John Preston loves geeky financial concepts like clothing inventory control and used them to help families make wise financial decisions on his blog My Family Finances. You can follow his latest writing by subscribing to his blog feed. He is also a weekly contributor for US News & World Reports’ My Money blog.
It’s been said that a man will pay twice as much for something he needs and a woman will pay half as much for something she doesn’t. It’s not true, though; sometimes the woman does need it, she just doesn’t need it yet.
It doesn’t matter if your closet is stocked, when there’s a good deal, it’s wise to buy because clothing doesn’t last forever. Someday, you are going to use it – the 5th or 6th spare bathing suit. By taking advantage of the low price now, you are saving money over the long term.
A woman’s ability to understand that shopping plus time equals lower costs is a concept lost on my fellow men. It’s a large reason why we males are often the big spenders on gift shopping and other categories, except one area: clothing.
How is it that men are the superior apparel shoppers when women have the option of buying shirts on clearance for $5? The last deal I got was $20 and only because they mislabeled the shirt XXL instead of medium. How can this be if women are renowned deal shoppers?
Women Need Classes on Inventory Management
As I pointed out earlier, the idea of buying today at a lower cost to save over a future budget is a valid way to save money. So what goes wrong with women and clothing?
When a company buys something today to use or sell later, it’s known as buying inventory. There are all kinds of advantages to inventory. You can lock in a large quantity at lower prices, take advantage of buying in bulk and ensure that you have an uninterrupted supply of product. This is really what women do when they go clothes shopping and buy in advance; they are expanding inventory. There is some danger to this strategy, though.
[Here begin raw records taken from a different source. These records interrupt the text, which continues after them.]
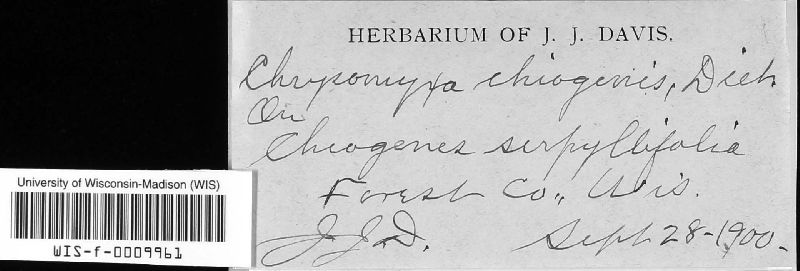 Chrysomyxa chiogenis image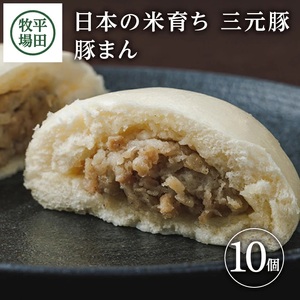 SA1786　【平田牧場】日本の米育ち 三元豚 豚まん　10個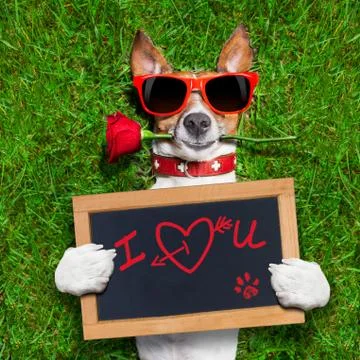 Valentines dog Stock Photos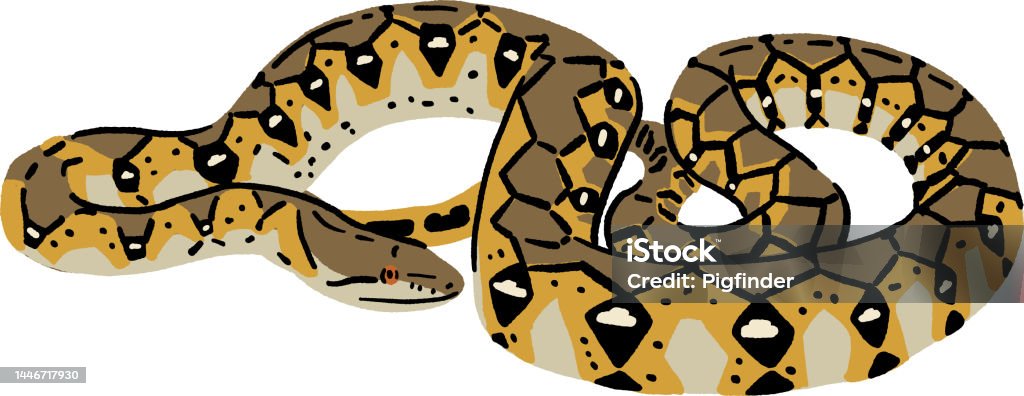 Snake Stock Image Python Python Snake Animal Hand Drawn Color Illustration Stock Illustration ...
Inventory is an Investment
There is nothing more dangerous to your clothing budget than too much inventory. Think about this: when you hold inventory, you are making an investment. You hope that by holding more clothing now, you’ll save money over the long-run. This means that the size of your inventory determines how much you tie up your money, and for how long.
Let’s say you spend $10,000 on a big shopping trip and now have enough clothing to last 10 years. You may have saved a lot, but it’ll take ten years for you to have received full benefit on your $10,000. Plus, what if you keep shopping regularly, and each year you add two years of inventory? If inventory is always growing, you are simply tying up more of your money and not letting yourself experience the benefit of all the deals you’ve found.
Inventory is an investment, but you’ll never get the value of it if it’s only growing.
Holding Inventory is Risky
You see, holding inventory has its risks. If you hold onto it for too long, it can become obsolete, it can spoil, it can get destroyed and it’s more likely to get misplaced. Let me translate these into personal wardrobe experiences.
Obsolete: It’s a new style every season in the fashion world. So if clothing is obsolete every three months, why do you have a seven-year inventory of clothing? You won’t get value if you are shopping to keep up with the style changes.
Plan on having children? My sense of self-preservation tells me to stop here.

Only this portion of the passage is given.